As stated above, the primary focus of the hedge program is to protect regulatory and rating agency capital
from equity market movements. Hedge ineffectiveness, along with other aspects not directly hedged (including
unexpected policyholder behavior), may cause losses of regulatory or rating agency capital. Regulatory and
rating agency capital requirements may move disproportionately (i.e., they may change by different amounts as
market conditions and other factors change), and, therefore, could also cause our hedge program to not realize its
key objective of protecting both regulatory and rating agency capital from equity market movements.
For VIAC, our guarantee and overlay equity hedges resulted in a loss of approximately $900 million for the
year ended December 31, 2014, which was offset by the equity market decrease in AG43 reserves in excess of
reserves for cash surrender value of approximately $1 billion for the year ended December 31, 2014. Changes in
statutory reserves due to equity and equity hedges for VIAC include the effects of non-affiliated reinsurance for
variable annuity policies, but exclude the effect of the affiliated reinsurance transaction associated with the
GMIB and GMWBL riders.
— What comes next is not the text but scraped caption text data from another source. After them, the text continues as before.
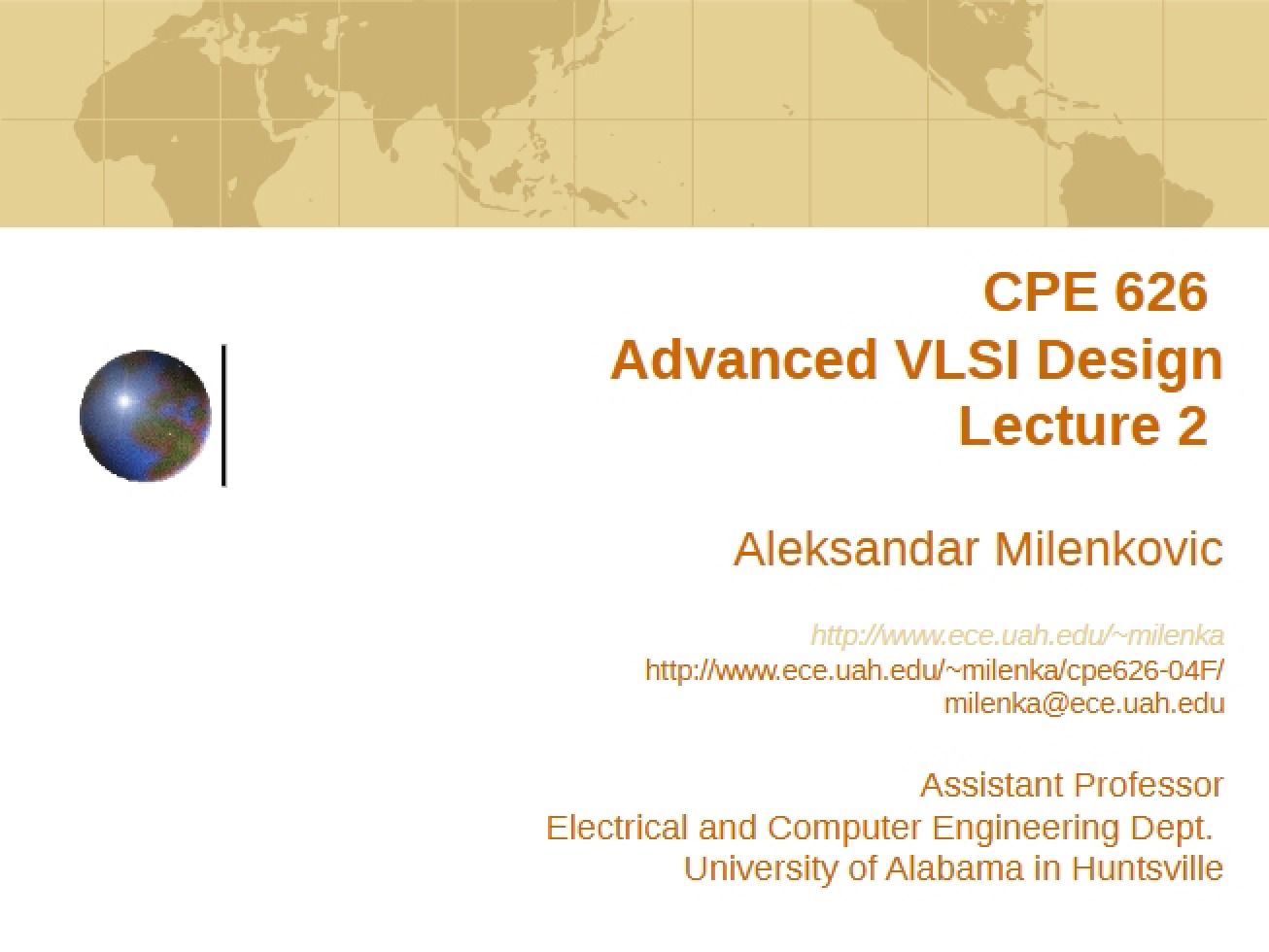 Design of Advanced VLSI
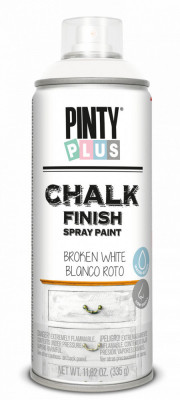 Spray Chalk Paint antichizare, broken white, CK788, interior, 400 ml, Pintyplus foto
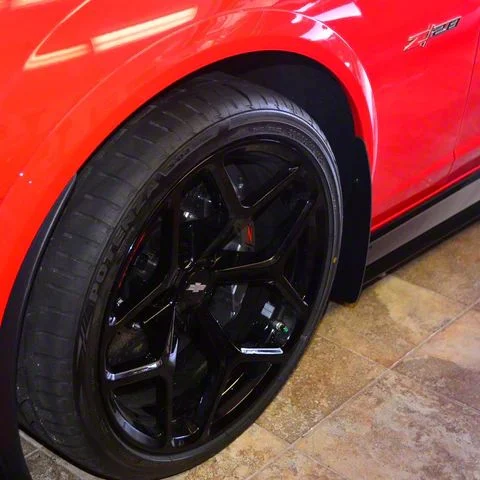 Deluxe Short Rock Guards; Front Only (14-15 Camaro Z/28)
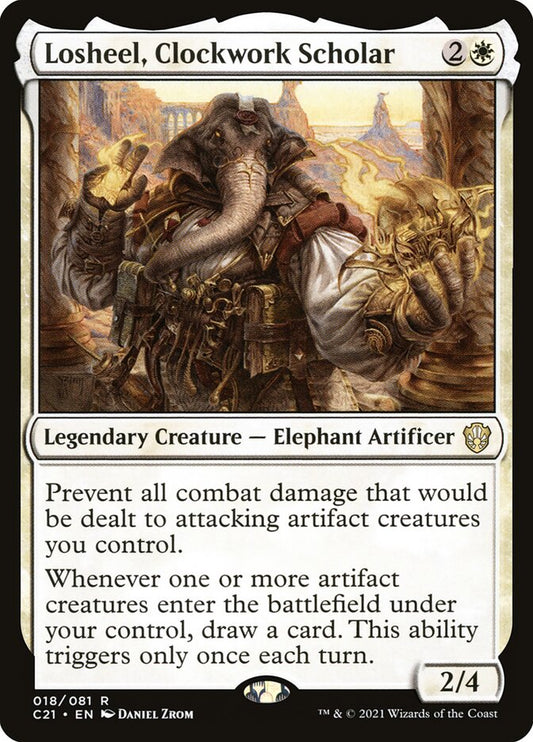 Losheel, Clockwork Scholar [Commander 2021] (18)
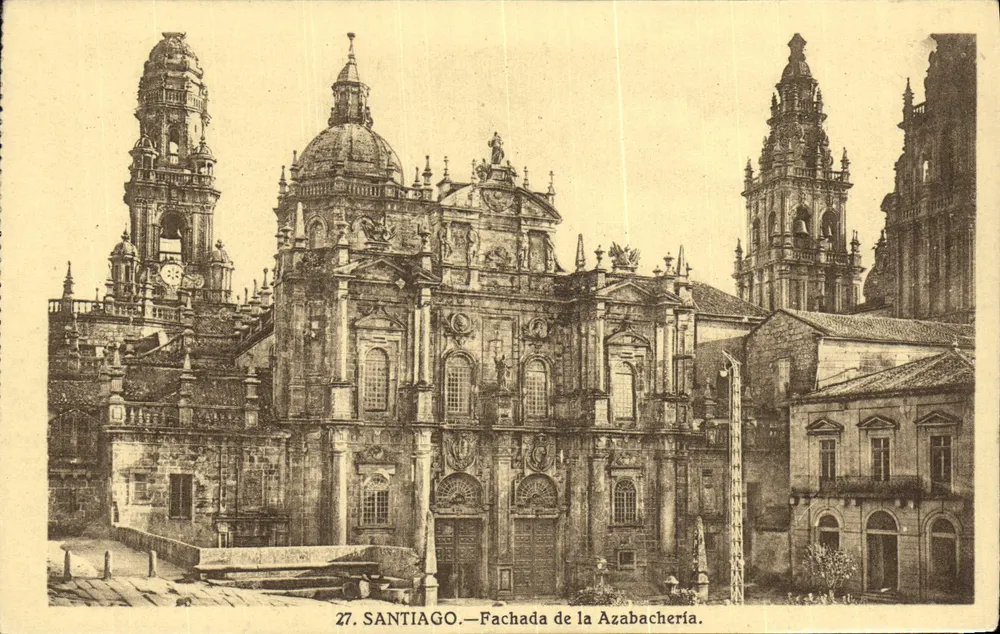 SANTIAGO — Fassade der Azabachería — Gratos, Madrid - Vorderseite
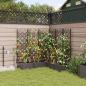 Preview: ARDEBO.de - Garten-Pflanzgefäß 5 Stk. Braun 120 x 120 x 126 cm PP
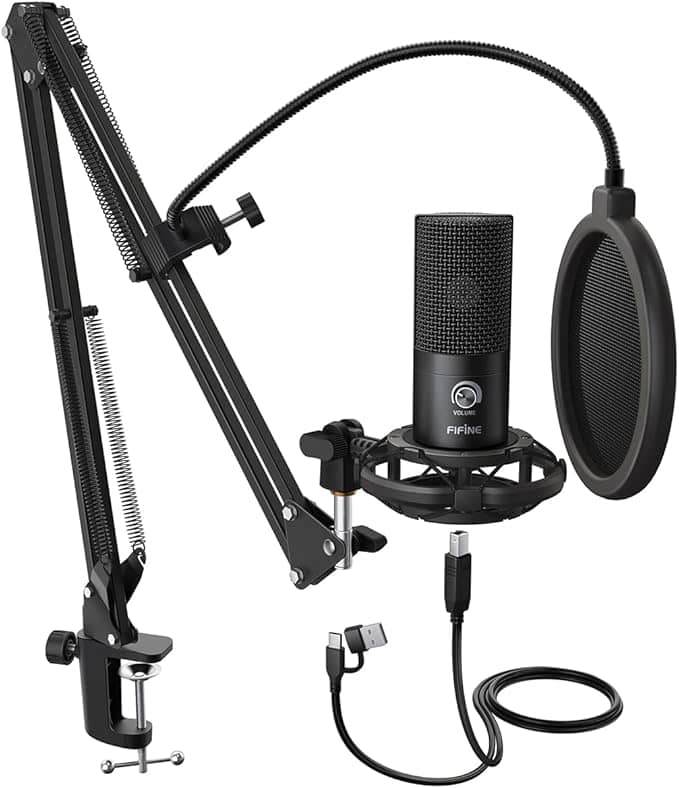 FIFINE T669 Studio Condenser USB Microphone - Black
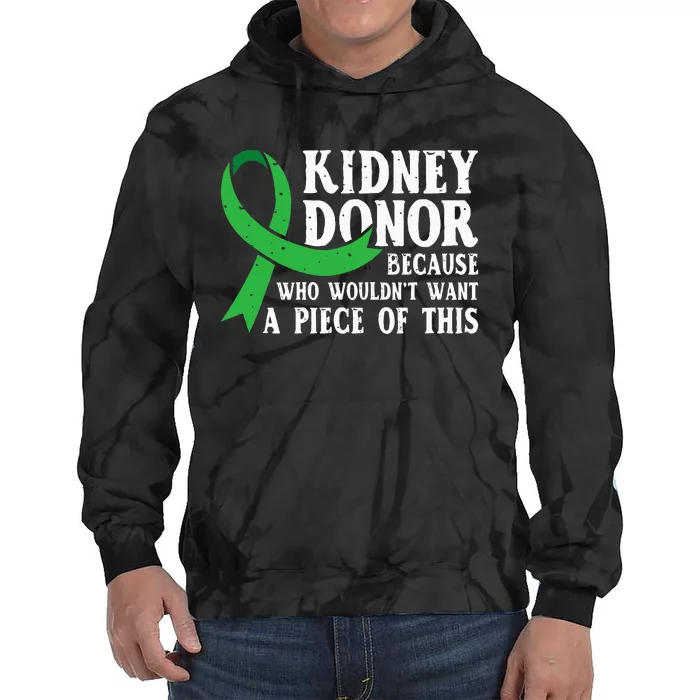 Proud Kidney Donor Organ Transplant Tie Dye Hoodie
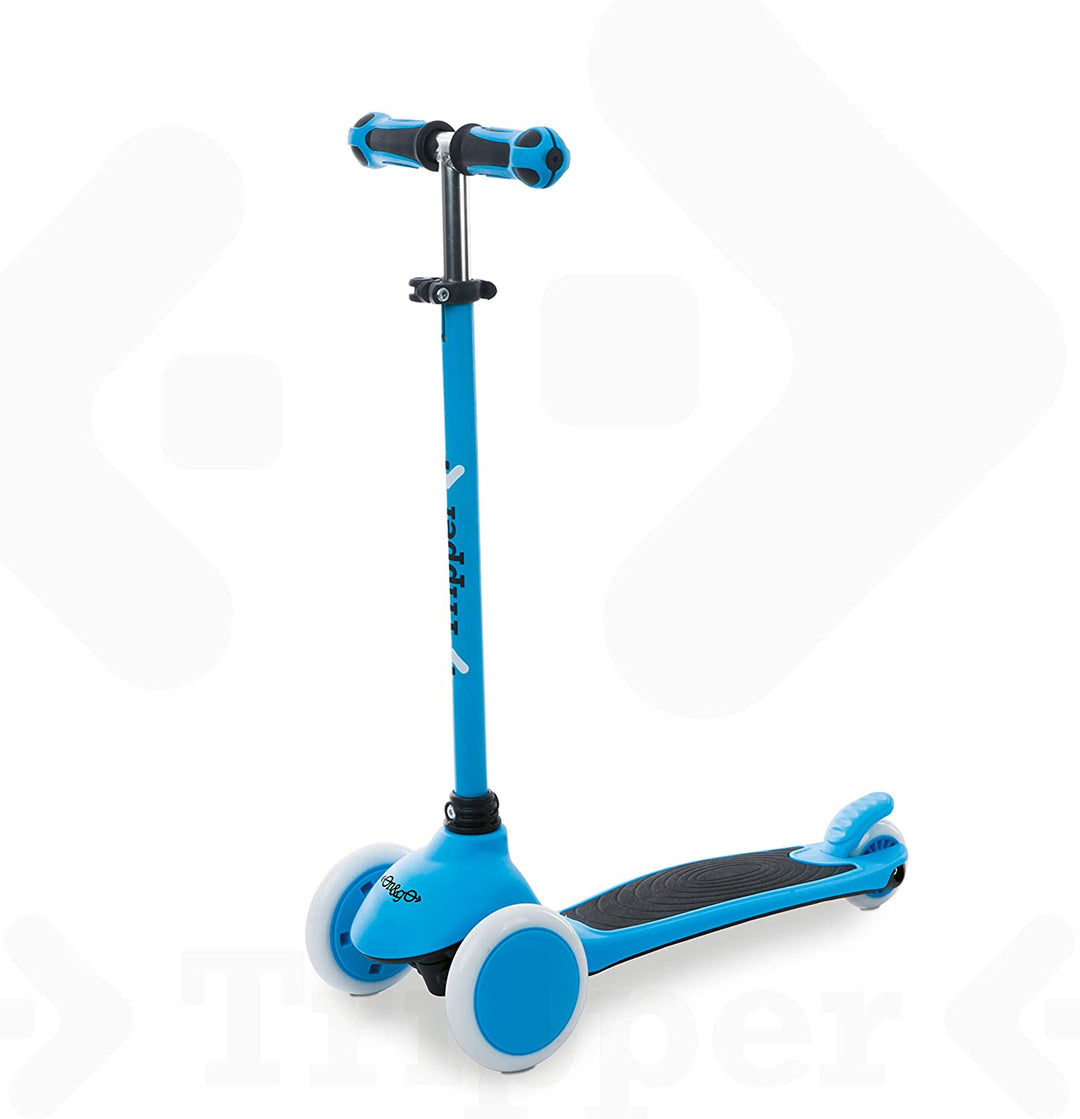 Mondo On&amp;Go 3-Rad-Tripper-Scooter mit PU-Rädern und TPR-Griffen – Blaue Rückseite S
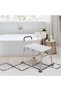 Bathtub transfer bench and shower chair with non-slip aluminum body, shower chair with padded backrest and armrests, adjustable seat height, supports up to 300 lbs - 8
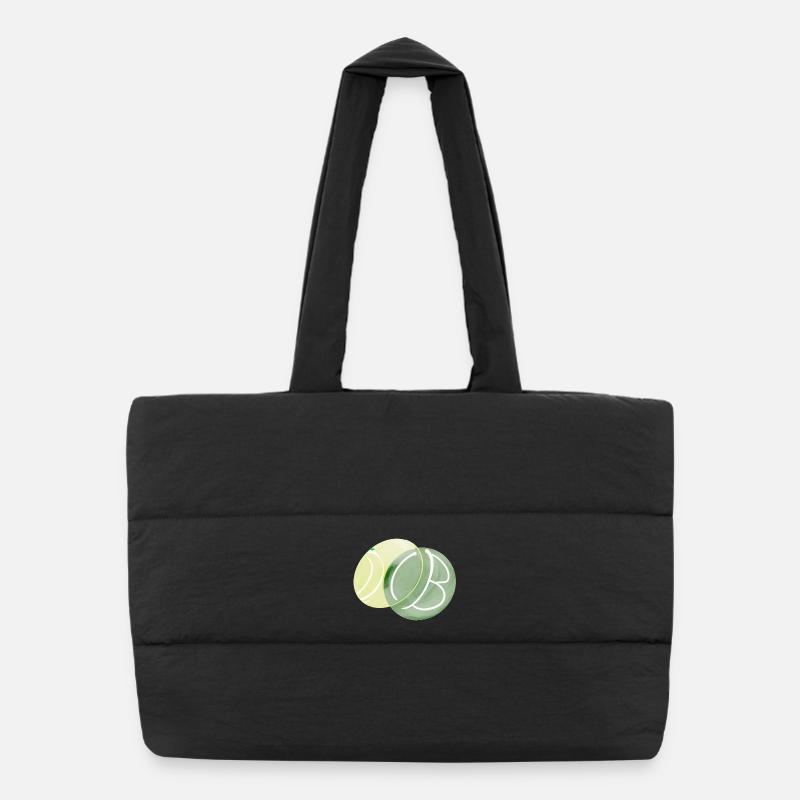 Le point vert Sac shopping matelassé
Substantially all of the CBVA business was written by VIAC. In addition to equity
hedge results and change in reserves due to the impact of equity market movements, statutory income includes
fee income, investment income and other income offset by benefit payments, operating expenses and other costs
as well as impacts to reserves and hedges due to effects of time and other market factors.
As U.S. GAAP accounting differs from the methods used to determine regulatory reserves and rating agency
capital requirements, our hedge programs may result in immediate impacts that may be lower or higher than the
regulatory impacts illustrated above. The following table summarizes the estimated net impacts to U.S. GAAP
earnings pre-tax in our CBVA segment, which is the sum of the increase or decrease in U.S. GAAP reserves and
the hedge gain or loss from our CHO program and the Variable Annuity Guarantee Hedge Program for various
shocks in both equity markets and interest rates. This reflects the hedging we had in place at the close of business
on December 31, 2014 in light of our determination of risk tolerance at that time, which, as noted above, we
assess periodically.
As of December 31, 2014
($ in millions) Equity Market (S&P 500) Interest Rates
-25% -15% -5% +5% +15% +25% -1% +1%
Total estimated earnings sensitivity ............ $750 $450 $100 $(200) $(550) $(750) $(450) $250
The foregoing sensitivities illustrate the impact of the indicated shocks on the first market trading day
following December 31, 2014 and give effect to dynamic rebalancing over the course of the shock events. The
estimates of equity market shocks reflect a shock to all equity markets, domestic and global, of the same
magnitude. The estimates of interest rate shocks reflect a shock to rates at all durations (a “parallel” shift in the
yield curve). We regularly monitor and refine our hedge program targets in line with our primary goal of
protecting regulatory and rating agency capital. It is possible that further changes to our hedge program will be
made and those changes may either increase or decrease earnings sensitivity. Liabilities are based on U.S. GAAP
reserves and embedded derivatives, with the latter excluding the effects of nonperformance risk. DAC is
amortized over estimated gross revenues, which we do not expect to be volatile, however, volatility could be
driven by loss recognition. Hedge Gain / (Loss) impacting the above estimated earnings sensitivity includes both
the Variable Annuity Guarantee Hedge Program and the CHO program and assumes that hedge positions can be
rebalanced during the market shock and that the performance of the derivative contracts reasonably matches the
performance of the contract owners’ variable fund returns.